Prescott College has also been a benefactor of Molly’s self-taught knowledge and desire to educate and enlighten others. With an ever-growing awareness as to the importance of locally sourced produce and agriculture, Molly moved from College Caterer, to running and overseeing the operations of the Crossroads Cafe — a unique facility that offers students and locals alike the opportunity to experience a different focus toward food, how we eat, and food sources through dining and programs.
A long-time member of the “Slow Foods” movement, Molly and students at Prescott College, formed a local chapter, with a focus on the development and support of School Gardens.
The mission of Slow Foods International, formed in 1989, is to “Prevent the disappearance of local food cultures and traditions, counteract the rise of fast life and combat people’s dwindling interest in the food they eat.”
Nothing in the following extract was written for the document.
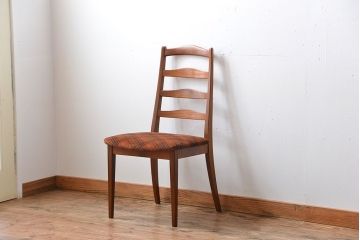 ヴィンテージ家具　北欧ビンテージ　G-PLAN(ジープラン)　おしゃれなラダーバックチェア(ダイニングチェア)(2)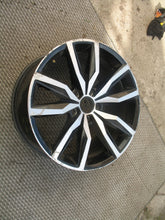 Laden Sie das Bild in den Galerie-Viewer, 1x Alufelge 18 Zoll 8.0" 5x112 41ET Glanz Schwarz 1K8601025M VW Scirocco FEL6819261936rp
Molly lives the mission of Slow Foods, and with seemingly endless energy, has taken up the mantel so to speak when it comes to spreading the message of the importance of food sourcing, cultural and ethnic culinary traditions as well as education through mentoring and partnerships.
There are not many in the culinary and local agricultural community who have not crossed paths with Molly or have unknowingly benefited from the various programs she supports.
During 2020, Slow Foods paired novice backyard gardeners with seasoned and some master gardeners to learn how to grow food in their backyards through their program, “Grow Food in Your Backyard.”
While some faced the frustration of beginning their own garden, all have said they will participate again, putting the number of pairings close to 60 and the program is entering its third year.
In the coming months, Molly and Prescott Slow Foods will be involved in a variety of programs including:
“Growing Winter Greens Indoors,” which offers instruction on the benefits and how to grow micro greens in your home for your own consumption and health. Saturday, Jan. 21 at Yavapai College.
And “Seed Mania,” March 5 from 1 to 6 p.m. at the Prescott College Crossroads Center featuring seed sales and exchanges, as well as workshops, and kids activities, and an evening community meal. The event is co-sponsored by the Prescott Farmers Market and the Museum of Indigenous People.